Everywhere I speak about this proposal in Canberra it is received with enthusiasm - the sign of an idea whose time has come.

And it is yet an evolving plan. For example yesterday at a meeting of women peace activists at the Emmaus Church in Dicksen, it was suggested that the Peace Vigil should assemble on top of Mt Ainslie at sunset and process down the mountain to behind the War Memorial and go onto a nearby assembly area. How spectacular that would be with 500 lanterns!

The planning and organisation has only just begun. I see it evolving, growing and going national over the next few years. 10,000 lanterns nationally on Anzac Day eve 2015, the centenary of the Gallipoli landing.

Best we can.

For peace!

Graeme Dunstan
0407 951 688


  1. Australia was founded by the military actually, and its popularity has been the norm and has grown ever since.
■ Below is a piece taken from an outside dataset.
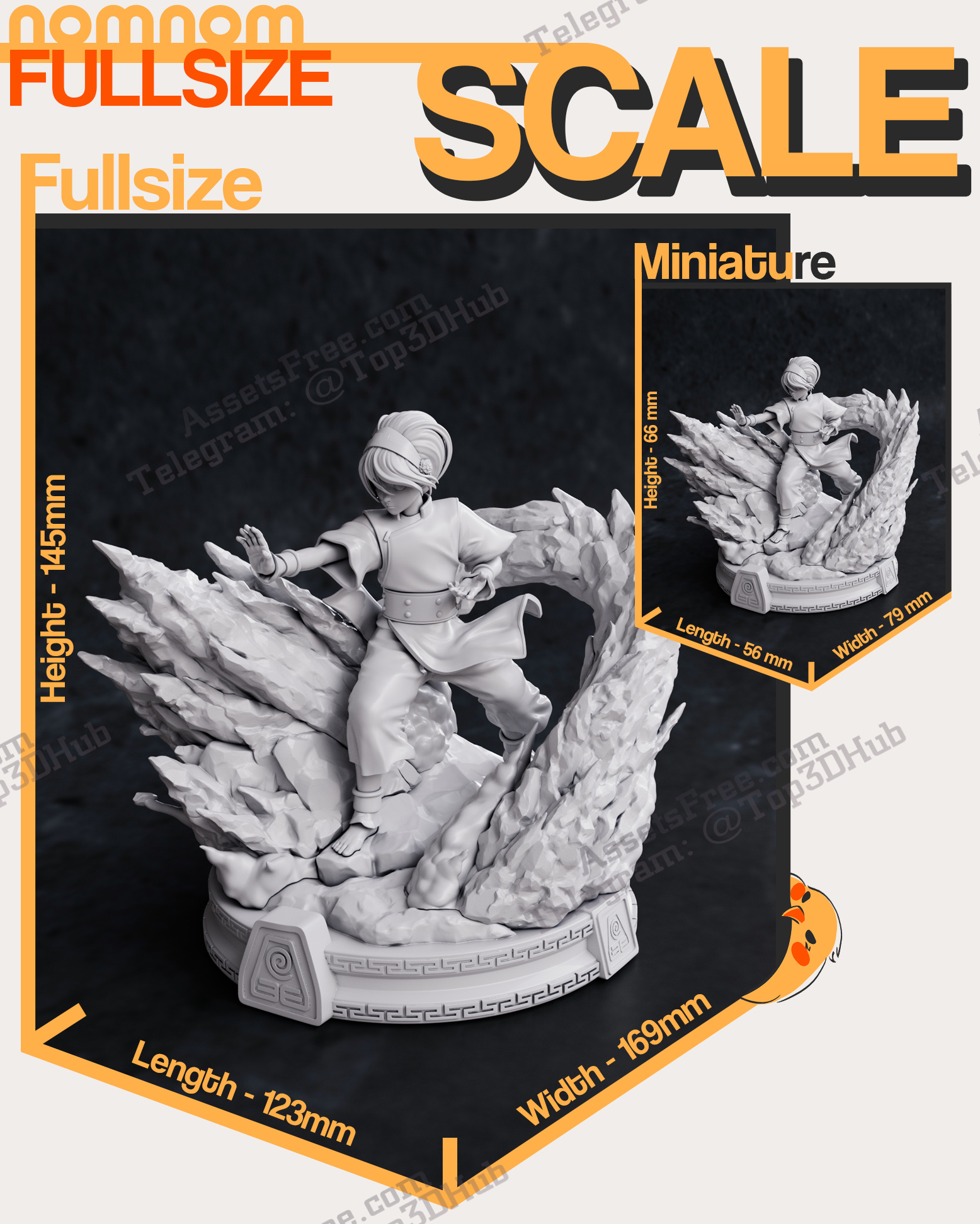 Scaling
  2. “Australia was founded by the military” sounds like hyperbole to me. Australia was founded as a penal colony by the British Crown, which used both military and civil personnel to administer and regulate. By far the majority of new settlers were prisoners, and I find it hard to imagine they were happy about the military presence. As well as the European colonists, there were the Aboriginal inhabitants. Likewise I doubt they held too much affection for the colonial military.
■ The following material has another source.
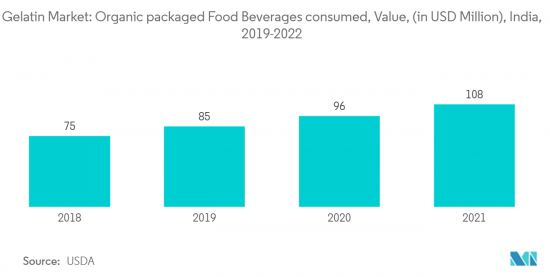 India Gelatin - Market - IMG2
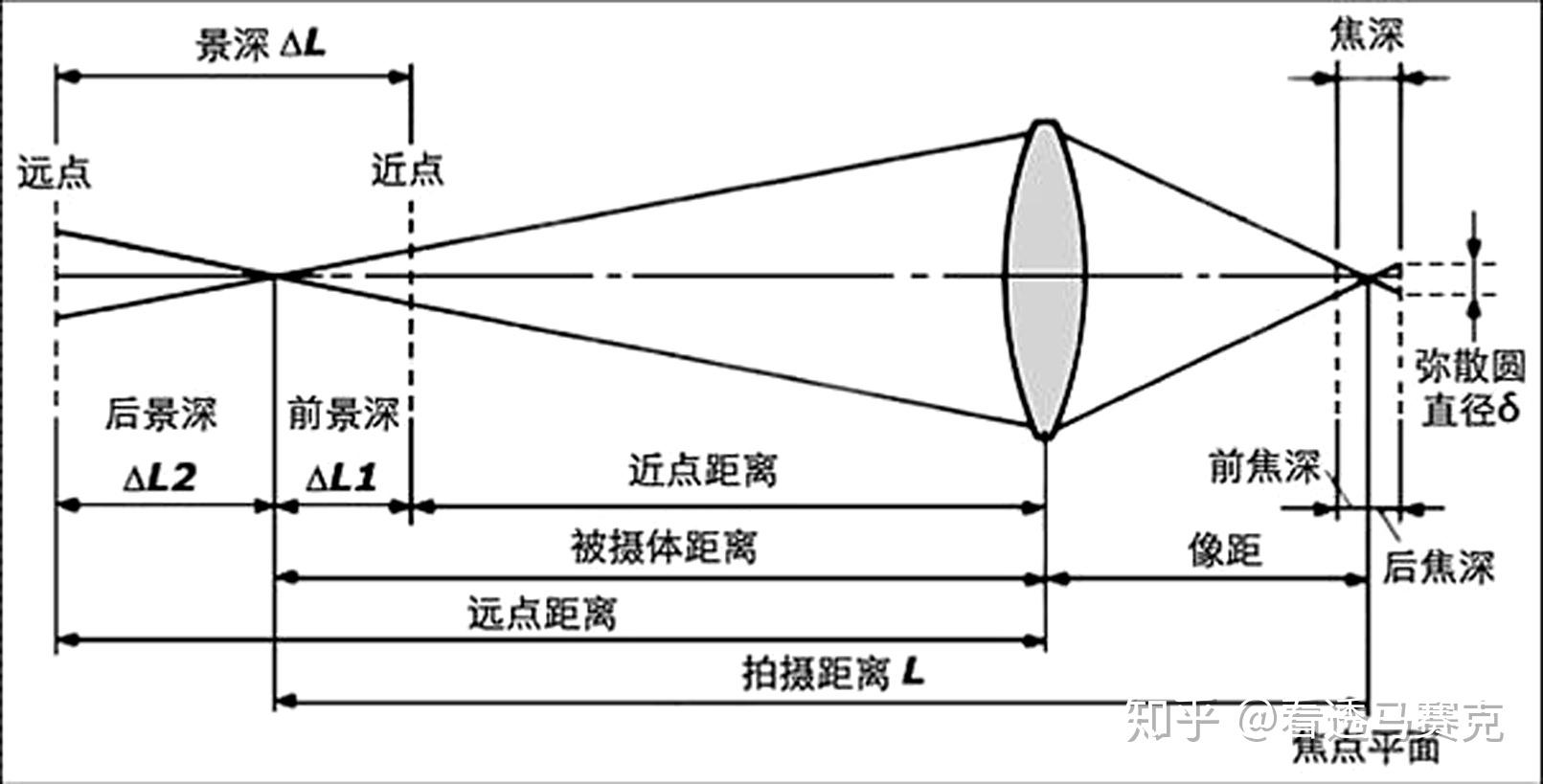 马赛克电影镜头设计003焦距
    In any event we are called upon by Christ, not to participate in popularity contests, but to love God, love one another, and bring forth the Kingdom on Earth. I’m not aware of any passage in the Gospels telling us this will be either easy OR popular. I think the idea of restoring Christianity to ANZAC Day is great, prophetic even.
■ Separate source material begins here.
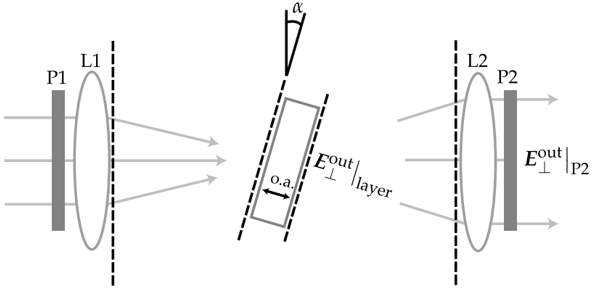 标准具和晶体中的电磁场传输算法的图97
  3. The prisoners were not settlers, but rather prisoners serving time, (most charged unjustly by our standards).
    The land was under the control of the military and was under military law - it was not a free settlement. It employed civilians just as it does today. The military takes control of an area which is under martial law even today,the 'crown' decides which other authorities will govern in such an area.
    No one is free to just move into such an area - as we saw during the recent flash floods west of Brisbane.
    In the case of the first English settlements free settlers had to gain permission to move to the area under control of the military.
    No, the prisoners would not have been happy to be guarded, most prisoners are not.
    The aboriginals were curious, and happy to share and support until the new comers outstayed their welcome as is what happened in North America.
    During Anzac day celebrations, chaplains from most denominations are in attendance, in fact they are the ones who lead the prayers. So Chrisitnaity is represented and is in Anzac day, as they have always been.
    The chaplians make the point during the services that they are not there to glorify war, but to remember the dead and the victims of war.
    It has always been that way since the first Anzac day service.
    As a former Army Officer, during Anzac day, I honour the dead as I would at any funeral service which is what Anzac day was and still is. If you want to protest on Anzac day, I suggest you do it where civilian workers and contractors make the weapons and ammunition, and leave people in peace to remember the dead who died in a useless battle designed and implemented by a civilian. Civilians of Australia and Britian voted for the governments who made war. Please honour the dead.
    You won't find a Chaplain holding a service at a munitions factory on Anzac day.

  4. My comment would be that Anonymous has a strange view of history - the convicts would certainly have not regarded the military, who were really prison officers, with any enthusiasm. Popularity was the norm with whom? The military? Certainly not the convicts and certainly not the Aboriginals.

    Historically the military have had a small place in Australian history. How many military figures have been elected to Parliament or played a leading role in Australian society? the most significant military figures have achieved their status through non-military activity. Major General Stretton for the recovery effort in Darwin after Cyclone Tracy comes to mind.